Kepala DP3AKB Bojonegoro Heru Sugiharto mrnambahkan kegiatan ini bertujuan mengenang dan menyegarkan kembali ingatan akan pentingnya pemahaman dan penghayatan serta arti perjuangan dan kebangkitan kaum perempuan. Ini sebagai bagian tak terpisahkan dari kebangkitan bangsa Indonesia dalam memperjuangkan kemerdekaan.
Selain itu, juga bertujuan memotivasi lebih banyak perempuan untuk menjadi relawan dan agen perubahan di komunitas mereka. Serta menghargai dan merayakan peran perempuan dalam masyarakat yang peduli terhadap isu-isu sosial.
“Juga meningkatkan peran perempuan Indonesia untuk lebih aktif terlibat dalam tindakan kemanusiaan dan kepedulian terhadap lingkungan.
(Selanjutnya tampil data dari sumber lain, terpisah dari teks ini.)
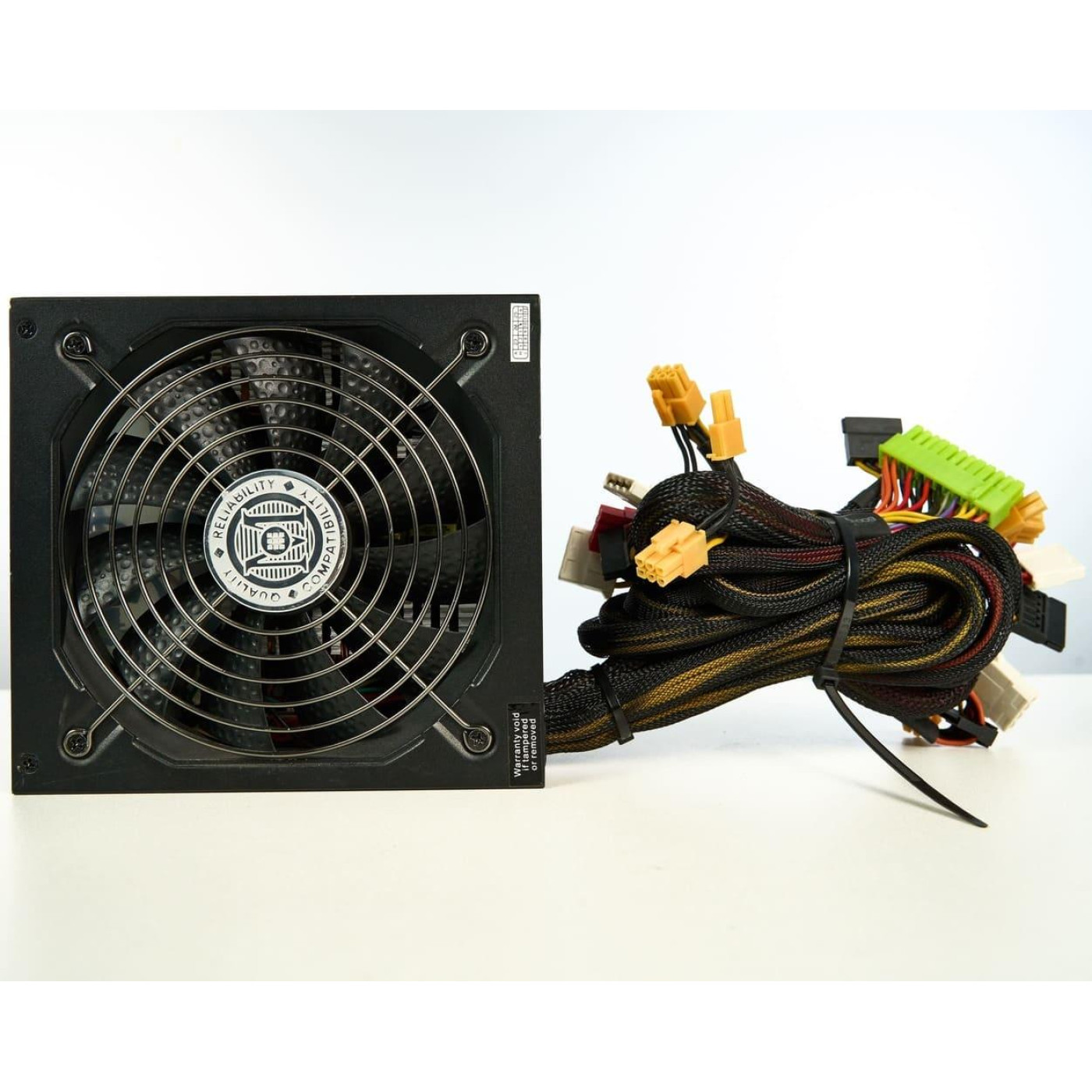 Блок питания Micronics Perfomance 700W (Блок живлення Micronics Perfomance 700W) Б/у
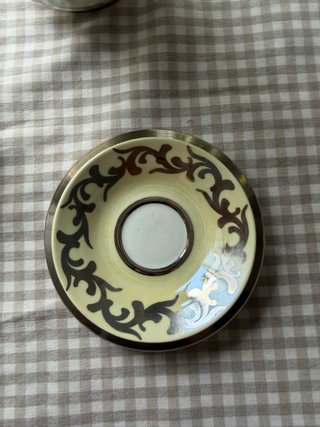 Juego Tazas Café y Tetera Oro/Plata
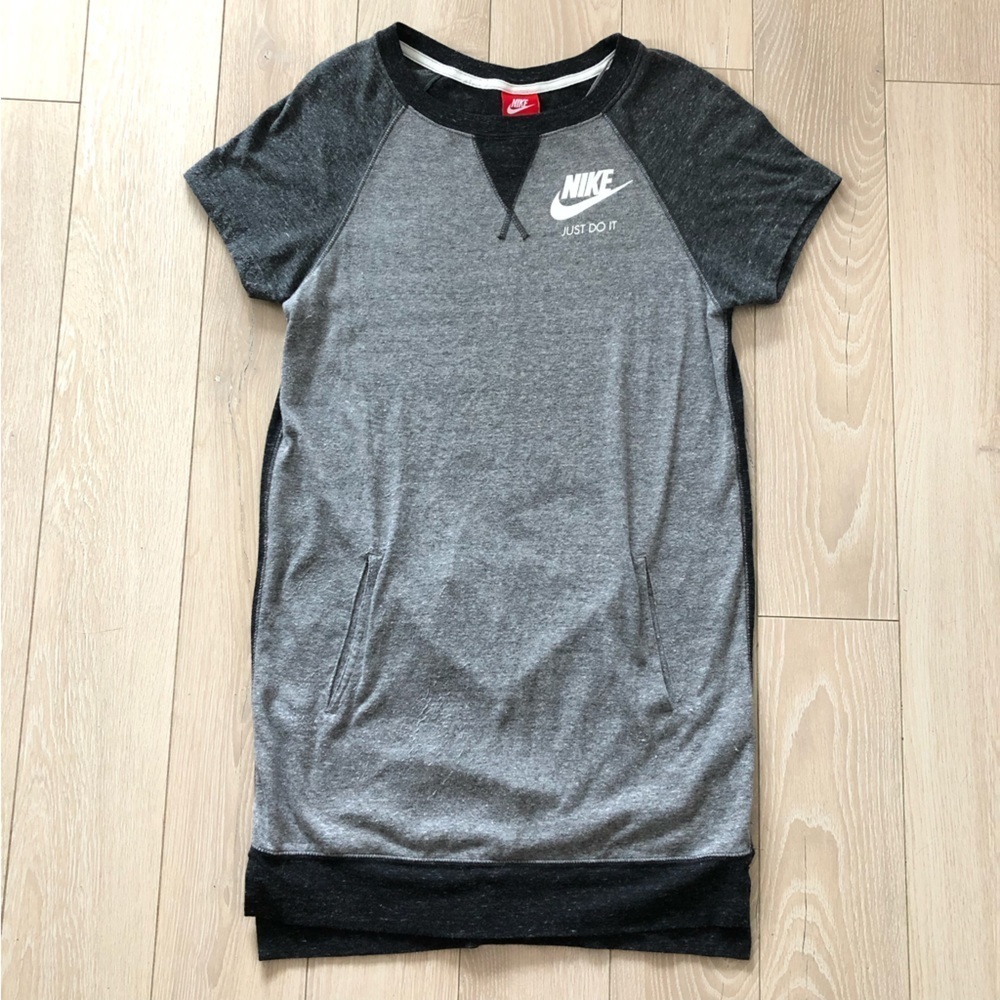 Nike Organic Cotton Blend Relaxed Fit T Shirt Dress in Gray Size XS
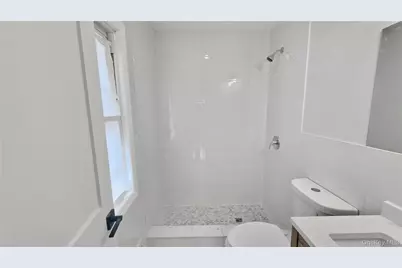 27 Sewell Street, Hempstead, NY 11550 - Photo 33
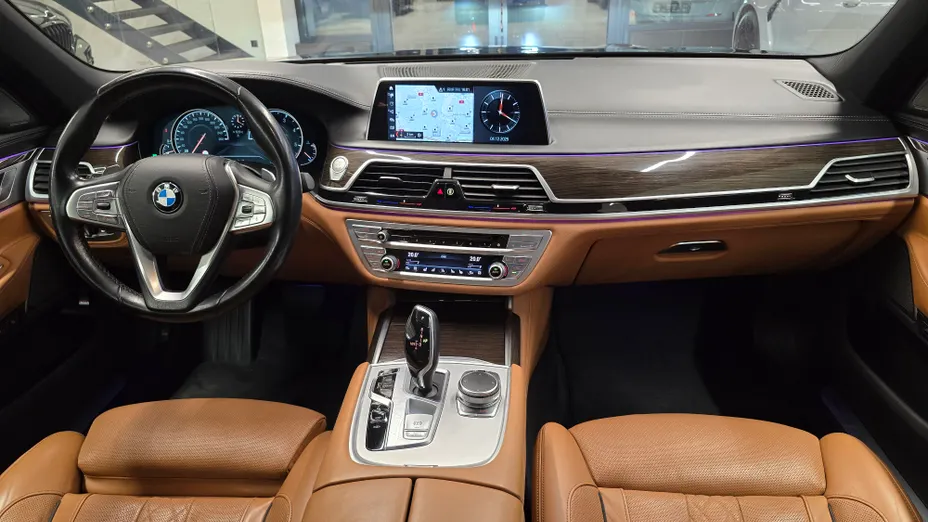 BMW Seria 7 730d xDrive sport-aut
Kegiatan ini juga untuk memotivasi perempuan untuk aktif terlibat dalam proses pengambilan keputusan dan kepemimpinan,” ungkapnya.
Selain itu juga, momen Hari Ibu ini juga untuk menghargai dan merayakan pencapaian perempuan Indonesia di berbagai bidang, mendorong kesetaraan gender dan penghapusan diskriminasi terhadap perempuan, memperkuat solidaritas di antara perempuan dan antargenerasi serta mendorong kerjasama dalam mendukung isu-isu kemanusiaan.
“Juga menginspirasi perempuan untuk mengambil peran proaktif dalam memajukan masyarakat dan negara,” tuturnya.
Dalam sarasehan hadir Dr. H. Yogi Prana Izza, Lc, MA, Dosen Universitas Sunan Giri Bojonegoro. Peserta sarasehan berjumlah 190 orang terdiri dari unsur pemerintahan dan lembaga masyarakat.(Sy/red)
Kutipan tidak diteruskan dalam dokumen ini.